We Hybrids
Der Mensch wird nicht nur geformt und transformiert von seiner Umwelt, seinen Erfahrungen und Begegnungen, sondern er vermengt sich mit den Substanzen, den Viren und der Technik, mit denen er in Kontakt tritt. Der Mensch ist ein hybrides Wesen, in steter Verwandlung: Dies wussten schon die Menschen in der Antike, als sie sich die Sphinx mit Menschenkopf auf Löwenkörper oder den Faun mit Menschenoberkörper auf Ziegenbeinen vorstellten.
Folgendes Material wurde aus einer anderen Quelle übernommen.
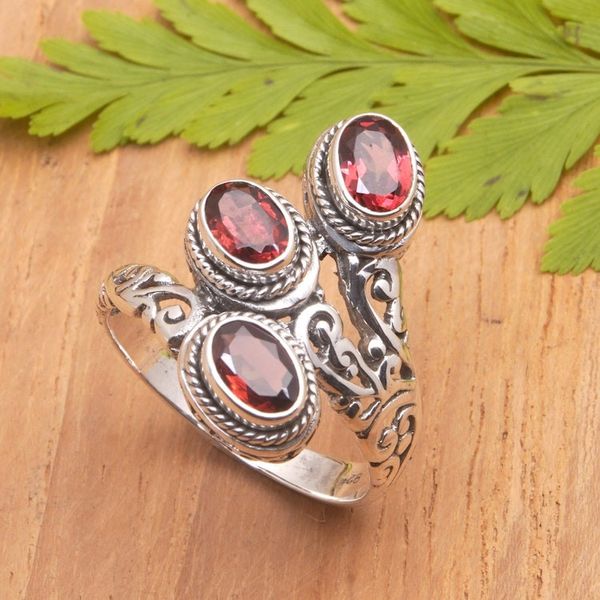 Alternate image for Sterling Silver Cocktail Ring with Faceted Garnet Stones Flaming Roots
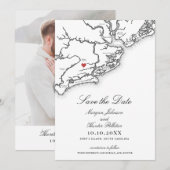 Johns Island SC Map Elegant Black White Wedding Save The Date (Voorkant / Achterkant)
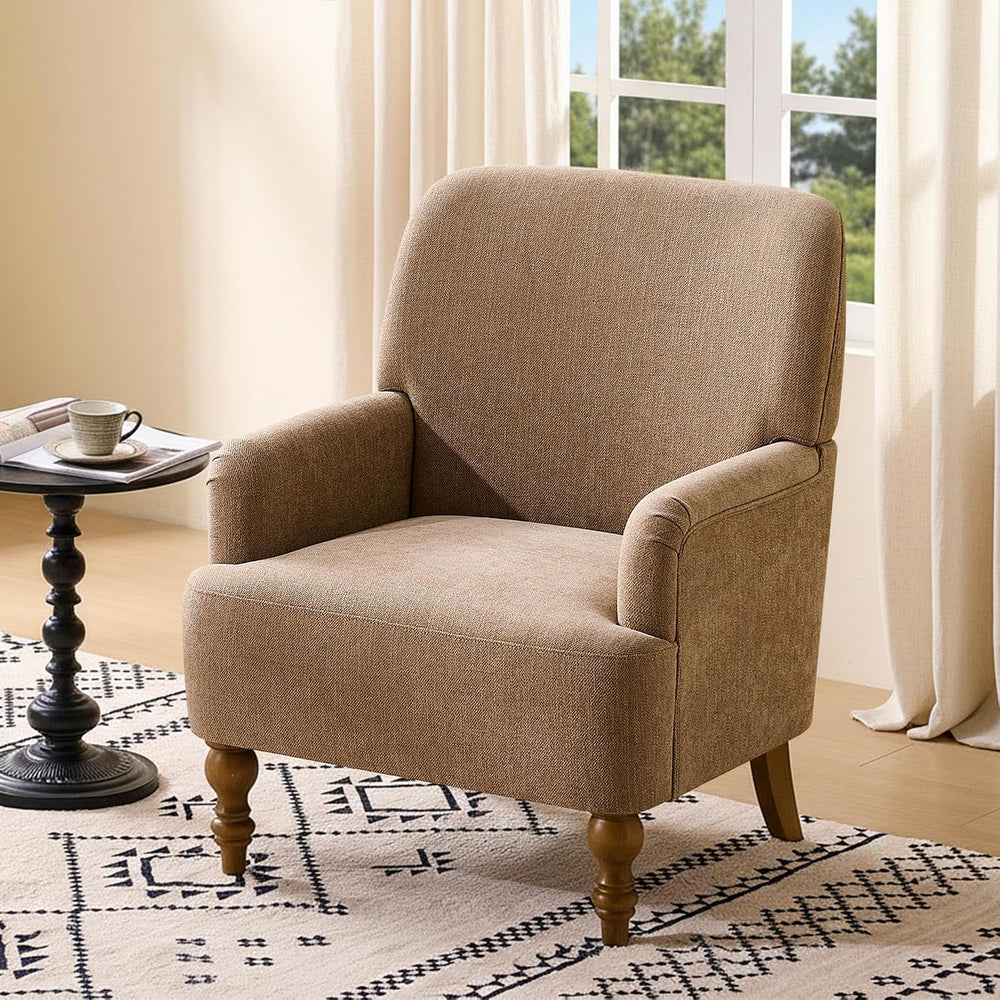 Modern Wingback Accent Chair, Upholstered Fabric Living Room Armchair with Wo...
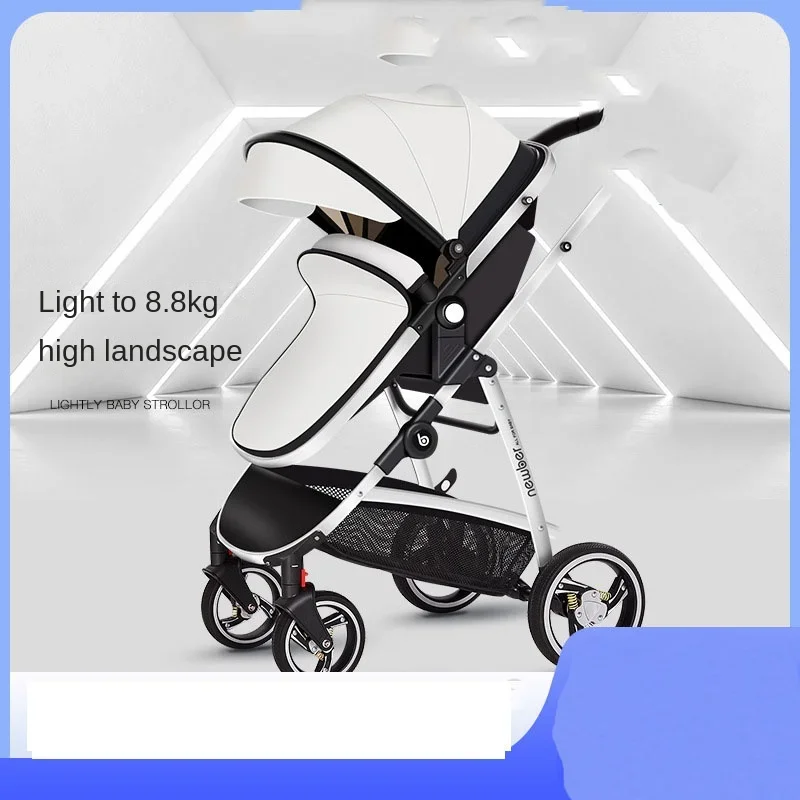 Four-wheeled Baby Stroller Can Sit or Lie Down Multifunctional Newborn Baby Two-way Swivel Seat Shock Absorption Stroller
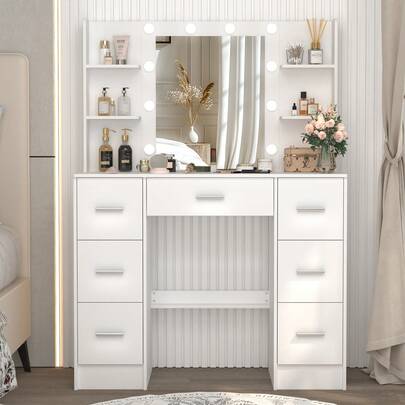 Teousev Makeup Vanity Desk With Lighted Mirror,Vanity Table With Mirror,3 Color Light Modes Adjustable Brightness Settings,Drawers And Storage Shelves For Storage,Bedroom Furniture,Dressing Table,Halloween Gift For Women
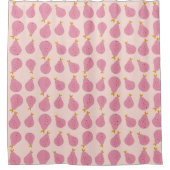 Rideaux De Douche Cute Girly Feminine Pear Monogramme Cadeaux Initia (Devant)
Die heutigen Mischwesen haben die Collageform der Antike überwunden, sind gentechnisch oder computermanipulierte Spezies, mit implantierten Mikrochips oder vollgepumpt mit synthetischen hormon- und psychoaktiven Stoffen. Von aussen sieht man ihnen kaum etwas an. Menschen wie du und ich. Wenn sich beispielsweise Gabriele Garavaglia an der Vernissage unter die Gäste mischt, wirkt er ganz unauffällig. Doch plötzlich fällt unser Blick auf seinen von dicken Venen überzogenen leicht gelblich wirkenden Arm mit merkwürdig aufgeplatzten, unförmigen, rosa Löchern, ‹Inner Resistance›. Ein grauenhafter Anblick. Die herunterhängenden Latexhäute, ‹Vertèbres›, von Vanessa Billy scheinen organische Zeugen eines verblichenen Mischwesens und ihre grossen, tropfenähnlichen, extrem fragilen Glasobjekte, ‹Prises de Conscience›, liegen losgelöst vom Körper auf dem Boden herum. Die präzis positionierten und höchst ästhetischen Objekte von Florian Germann wirken wie Maschinen mit nicht nachvollziehbarer Funktion, deren Materialien – subtil eingefärbtes Harz, Metall und Beton – eine mysteriöse Energie und Aura ausstrahlen. Der Werkkomplex ‹TAFAA› (Toward a Fully Automated Appearance) von Chloé Delarue besteht aus hybriden Assemblagen aus organischen und anorganischen Materialien und setzt sich mit dem Einfluss der Technologie auf den menschlichen Körper und Geist auseinander. Pamela Rosenkranz wird selber zum hybriden Wesen, wenn sie ihre Malereien unter dem Powerschub von Viagra produziert. Vor den an die Wand gelehnten rosa monochromen Bildern inszeniert sie auch gleich das Plastik und die benutzten Malutensilien als Teil dieses chemisch potenzierten malerischen Kraftakts. Als besonders aktuelle Cyberposition erweist sich die Rauminstallation ‹Holobiont Society› von Dominique Koch: Sie stellt das symbiotische Gefüge zwischen Wirt, Mikroben, Bakterien und Viren dar, mit all seinem inneren Konfliktpotenzial, und konfrontiert uns mit der aktuellen Lage.